# [WHAT IS NEEDED]
Since the records include pictures, leave those out while you reproduce exactly and only the lines from the one containing "Triumph Street Twin EC1 Special Edition 2022" through the one containing "The Umbrella Academy poster", inclusive.
::: DATA EXTRACT :::
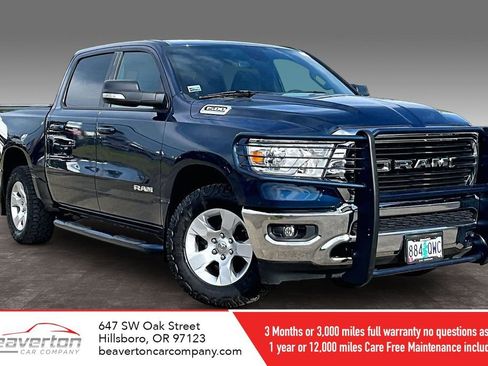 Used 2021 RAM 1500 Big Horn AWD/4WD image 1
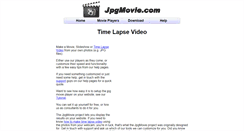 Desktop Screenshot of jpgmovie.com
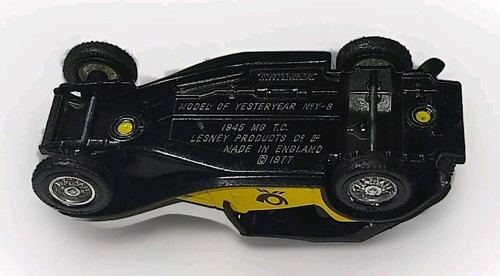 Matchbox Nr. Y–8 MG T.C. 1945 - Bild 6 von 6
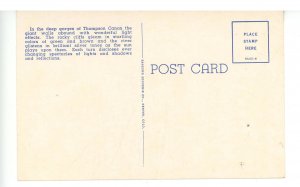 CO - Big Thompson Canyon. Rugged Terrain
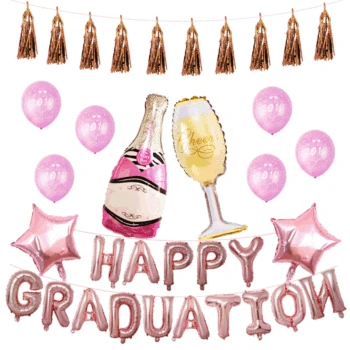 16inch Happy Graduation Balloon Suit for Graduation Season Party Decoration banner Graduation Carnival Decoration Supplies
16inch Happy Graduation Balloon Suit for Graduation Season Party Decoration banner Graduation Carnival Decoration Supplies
:::
::: DATA EXTRACT :::
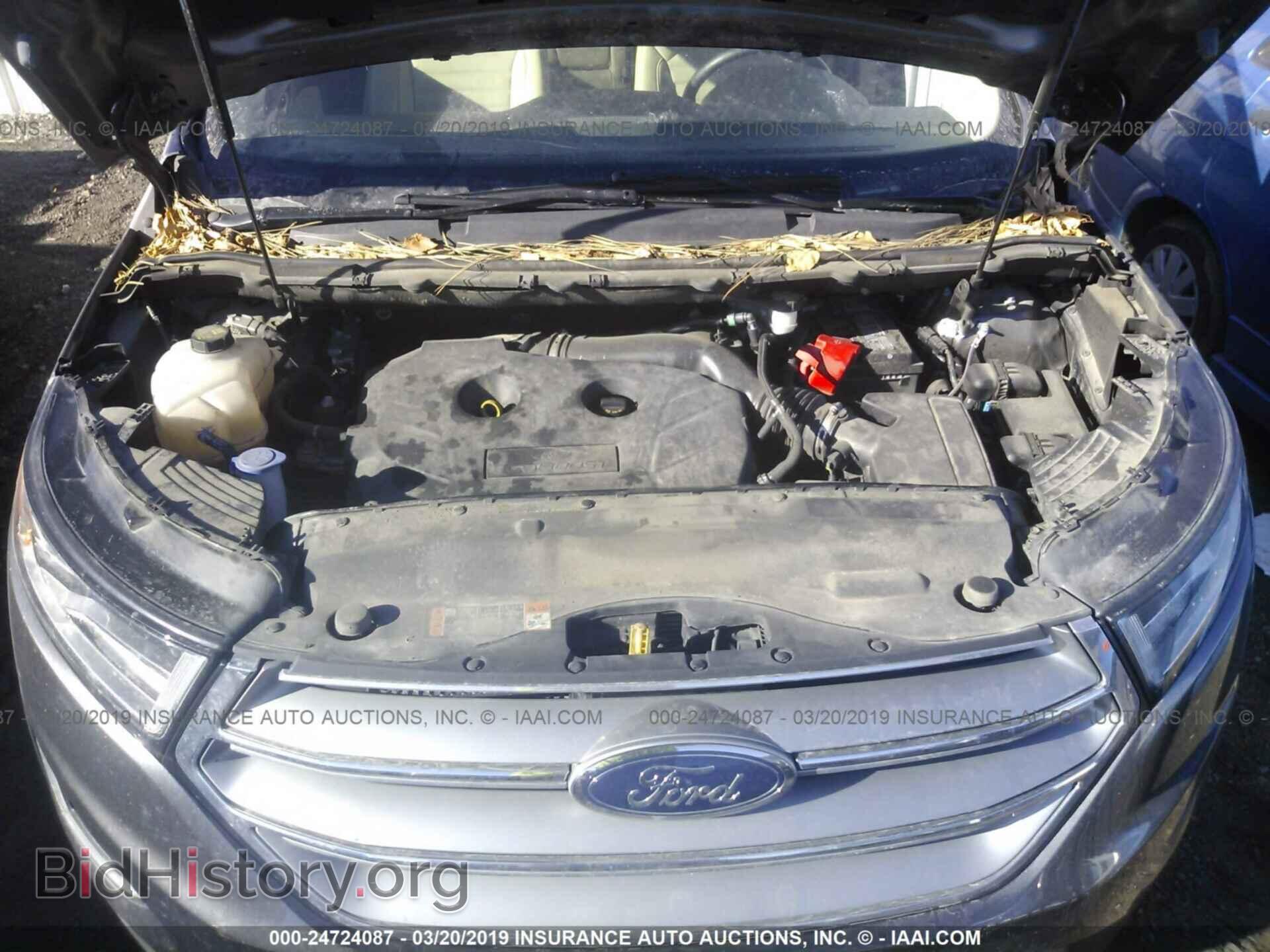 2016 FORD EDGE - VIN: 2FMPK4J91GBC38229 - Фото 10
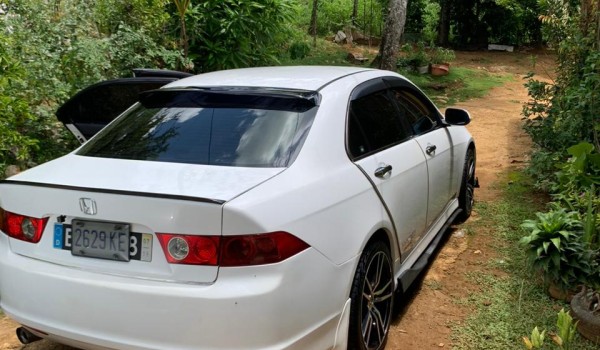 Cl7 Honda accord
:::
::: DATA EXTRACT :::
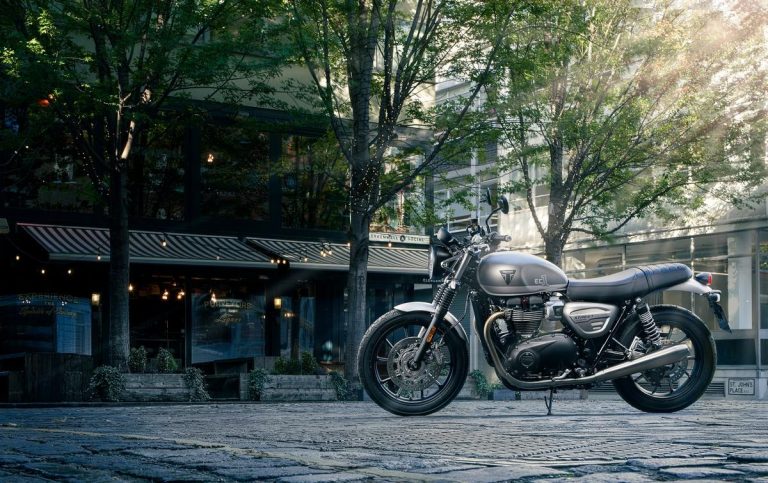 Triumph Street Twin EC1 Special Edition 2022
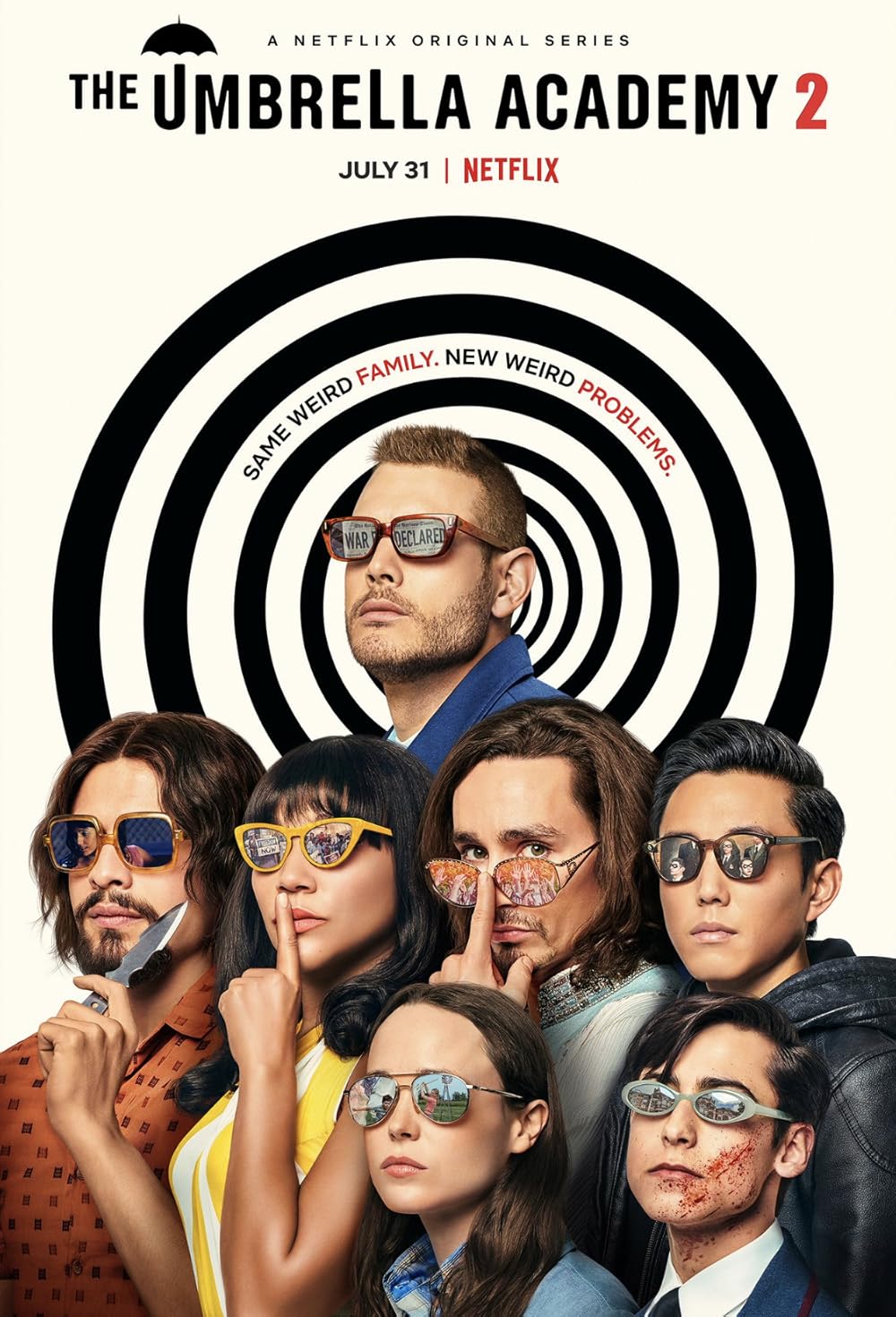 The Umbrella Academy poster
:::
# [RESPONSE TO THE EXERCISE]
 Triumph Street Twin EC1 Special Edition 2022
 The Umbrella Academy poster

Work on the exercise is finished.